REL Contributes to Wabash Early Career Workshop

Last weekend, Prof. Steven Ramey braved the cold to meet five other scholars of religion at Wabash College in Crawfordsville, IN, an hour west of Indianapolis. The group bunkered down at the Wabash Center for Teaching and Learning in Theology and Religion while they planned a workshop series for professors who teach undergraduates.

The Workshop for Early Career Religion Faculty Teaching Undergraduates hopes to challenge professors to reconsider their techniques in the classroom and to practice self-reflective evaluations of their work. Through their own experience teaching in higher ed, the leadership team noticed the implications of the evolving needs of students. Beyond useful course material, collegiate courses require adaptability in the classroom to maximize student involvement and individual success.

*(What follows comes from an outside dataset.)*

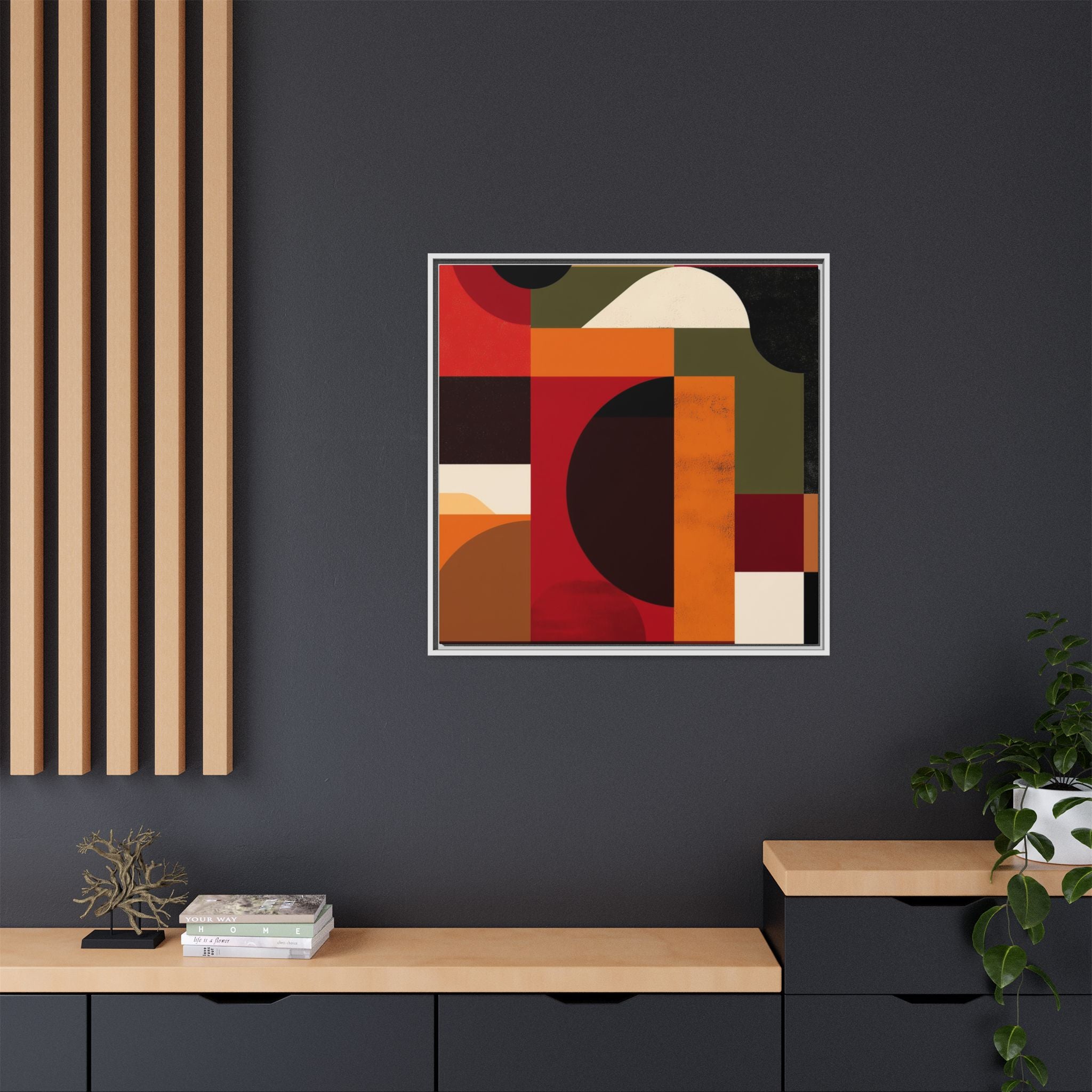 Geometric Convergence: Abstract Bauhaus Design, Constructivist Color Blocks, Architectural Art Composition   |   Custom Orders Accepted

The workshops will be broken down into several 3-5 day sessions between July of 2019 and June of 2020. Prof. Ramey will help lead early career faculty members from across the nation in the program with the goal of guiding them towards flexible education processes.

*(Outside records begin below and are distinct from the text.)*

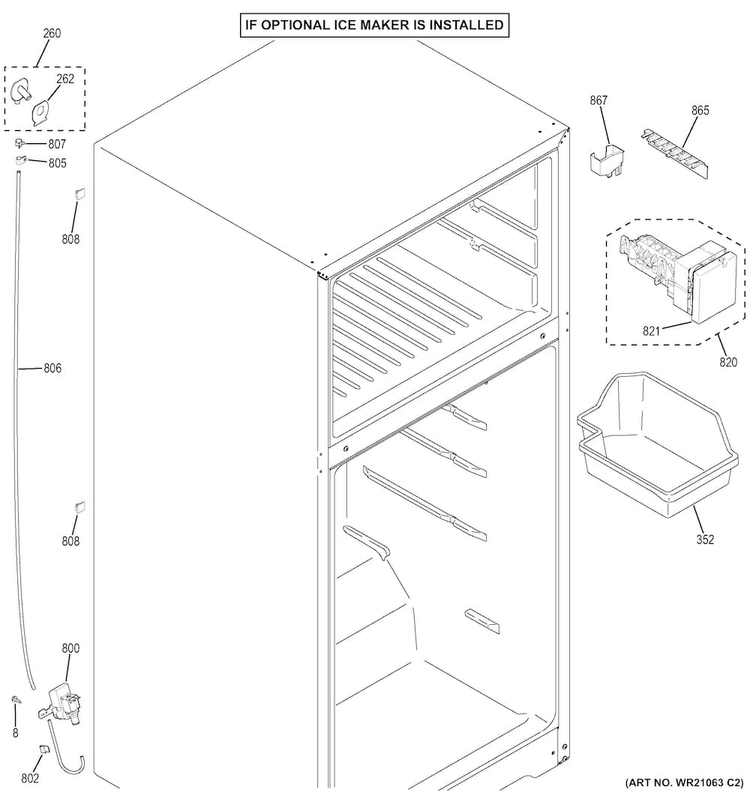 Ice Maker Diagram and Parts List for GIE18CTHHRBB  General Electric Refrigerator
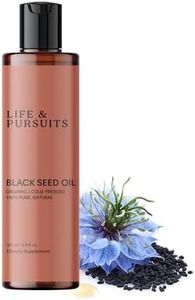 Life & Pursuits Organic Black Seed Oil - 100% Pure, Natural, Cold Pressed | High Thymoquinone, Omega 3 6 9 | Antioxidant for Immune Support, Hair & Skin… (200 ml)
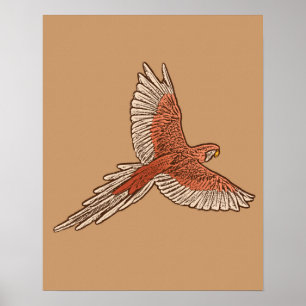 Póster Loro en vuelo, óxido, crema y camello Tan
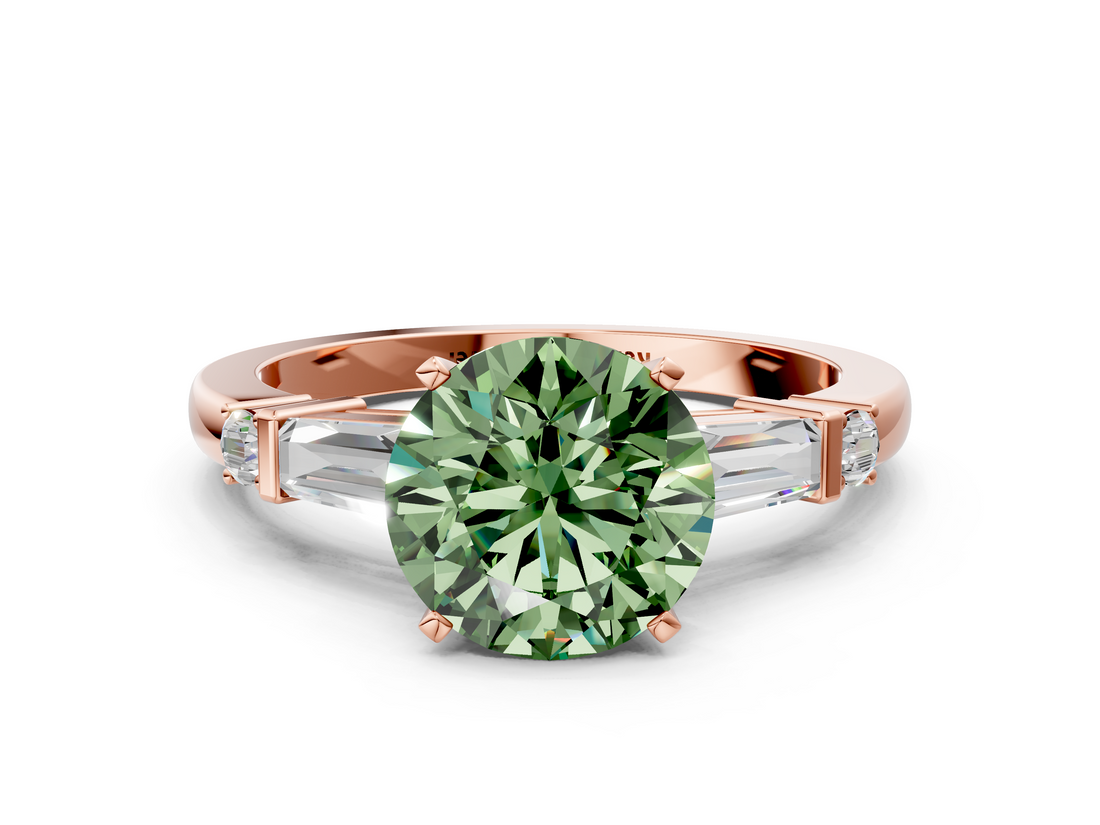 Rose gold Fancy Green Round  Cut Diamond Ring with Baguette Side Stones, Channel Set Band, and Four-Prong Setting_3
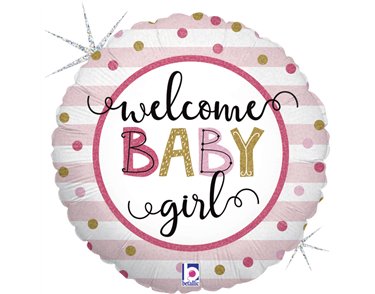 18in BABY GIRL STRIPES FOIL BALLOON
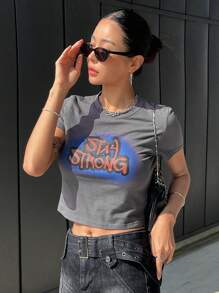 DAZY Letter Graphic Crop Tee - Grey - View 3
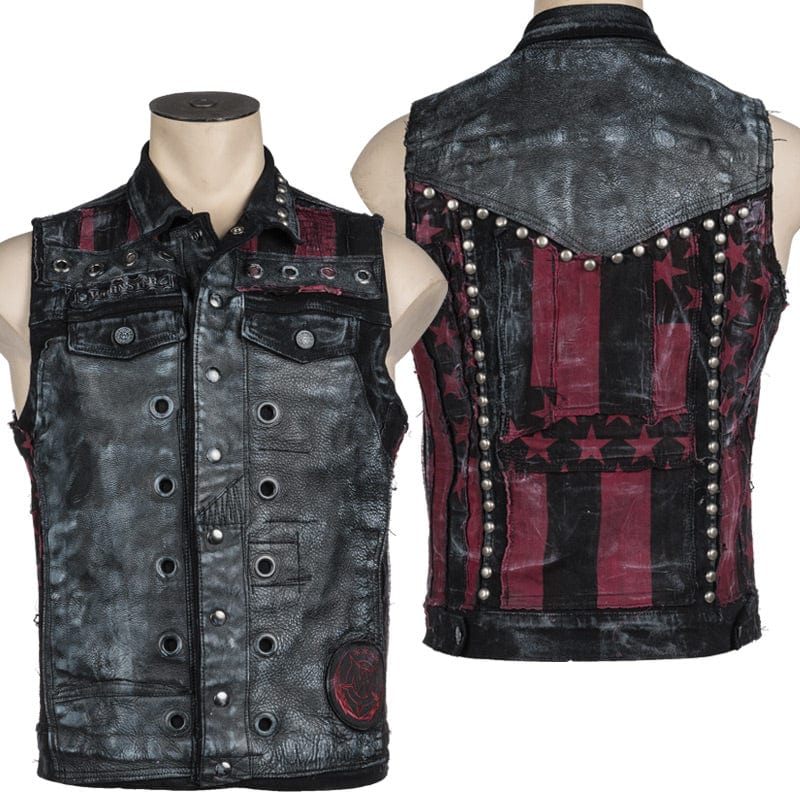 Wornstar Clothing men&#39;s custom vest. Handmade custom denim and leather rock vest. Rocker style black stretch denim custom-made stage vest.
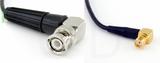 Coaxial Cable, BNC 90 degree (right angle) to SMA 90 degree (right angle) female, RG174, 8 foot, 50 ohm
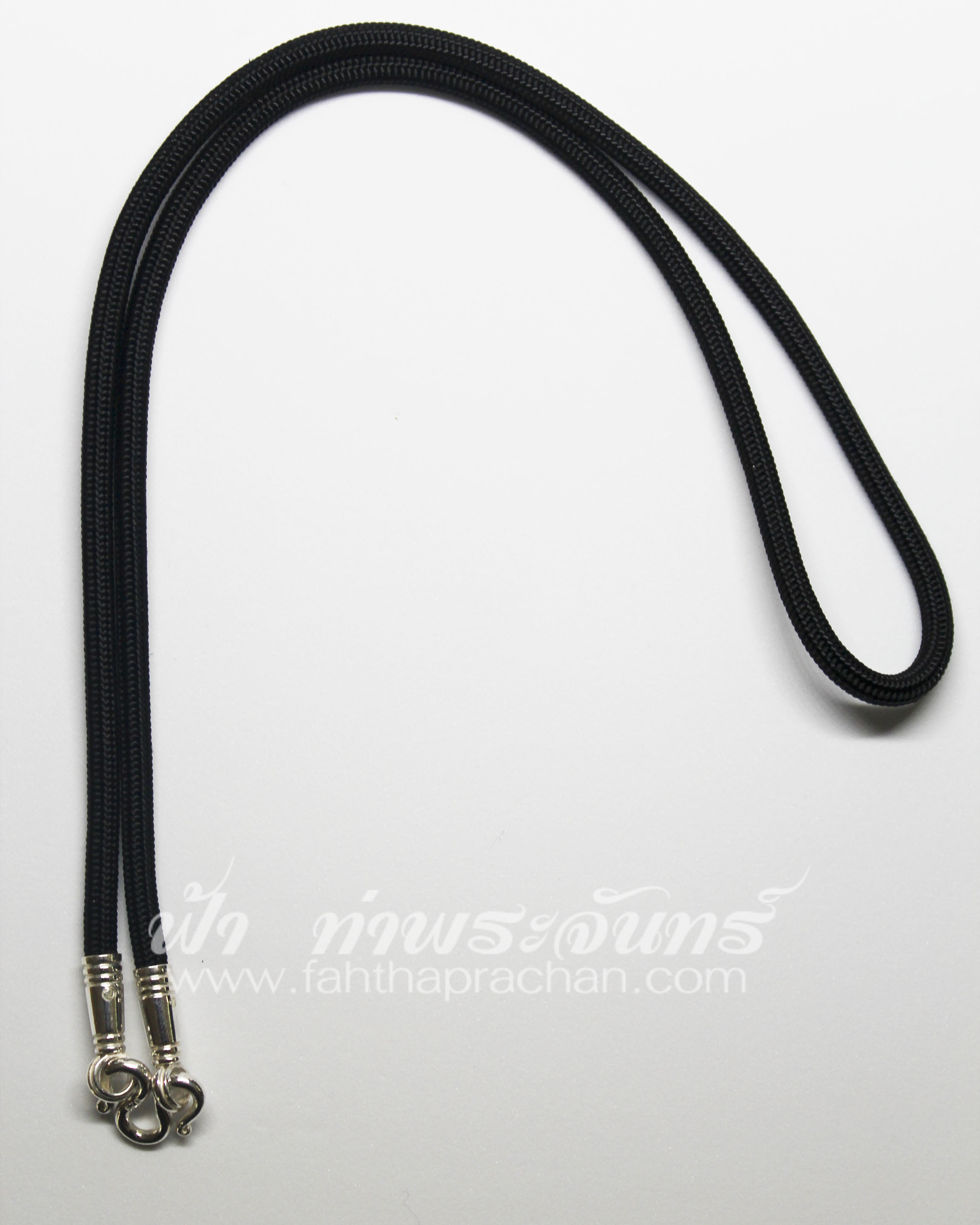 สร้อยคอเชือกร่ม แบบห่วงเดียว เงินแท้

A pamphlet from the Wabash Center on the workshop Prof. Ramey will lead starting this June.

The brief but informative courses will allow participants to work both on an individual basis and as groups. Sustained dialogue amongst them will help stimulate critical reflections on the modern needs of a college classroom and their own goals when designing class material. Prof. Ramey and his colleagues hope to encourage educators to maintain strong intrapersonal practices to improve their coursework and guidance in the classroom.

Although Prof. Ramey will serve as one of five religious scholars on the workshop leadership team, he predicts that the early career faculty participants will not be the only ones to learn from this experience. He admits that the leadership teams’ initial conversation has already reminded him of not only the value of self-reflexivity but also the value of discourse with professors outside his typical perspective.

The Department looks forward to following Prof. Ramey’s leadership role in the Education Workshop over the next year and a half.